I’m ready to admit it: up until my third-grade discovery of back-to-back reruns of Three’s Company (RIP, John Ritter), I was a closet PBS fan. Every day after school, I’d settle in with some plastic-y fruit item that I’d tricked my mom into buying, put my feet up, and enjoy a solid hour of Big Bird and friends. But after my Muppet-induced high, I was always disappointed by the cold, hard reality that followed: Mister Rogers’ Neighborhood. Even as a seven-year-old, I recognized that there was nothing entertaining about work, especially other people’s work. The baker, the mailman, the plumber: these characters paled in comparison to the roller-skating pigs and two-headed monsters that lived on Sesame Street. Even with fruit roll-ups to sweeten the deal, I failed to see the intrigue in paper routes, couldn’t help but lose my patience with Mr. Rogers’s cardigan sweaters. I could almost smell the mothballs.

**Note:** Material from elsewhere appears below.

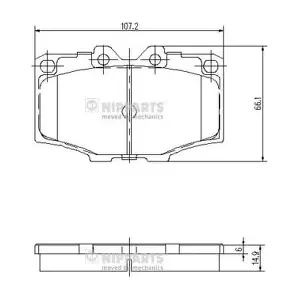 NIPPARTS J3602036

Years later, after rendezvousing with various dead-end jobs, I contemplated my future in Mister Rogers’ Neighborhood–like terms. Social worker, writer, teacher. After a spicy meal, I’d get creative: linguist, psychologist, doula. In my head, I tried on professional garb as though dressing one of those David refrigerator magnets. And of course, all the incarnations looked ridiculous. I mean, I had worn unforgettable uniforms — one of which, from an old-fashioned ice-cream shop, inspired a perennial Halloween costume my friends call "Flo" — but I had never committed to these uniforms for life. As I looked through graduate-school catalogues, I couldn’t help but feel myself edging toward a Village People–type identity: I’d go to bed in a hardhat until the end of my days.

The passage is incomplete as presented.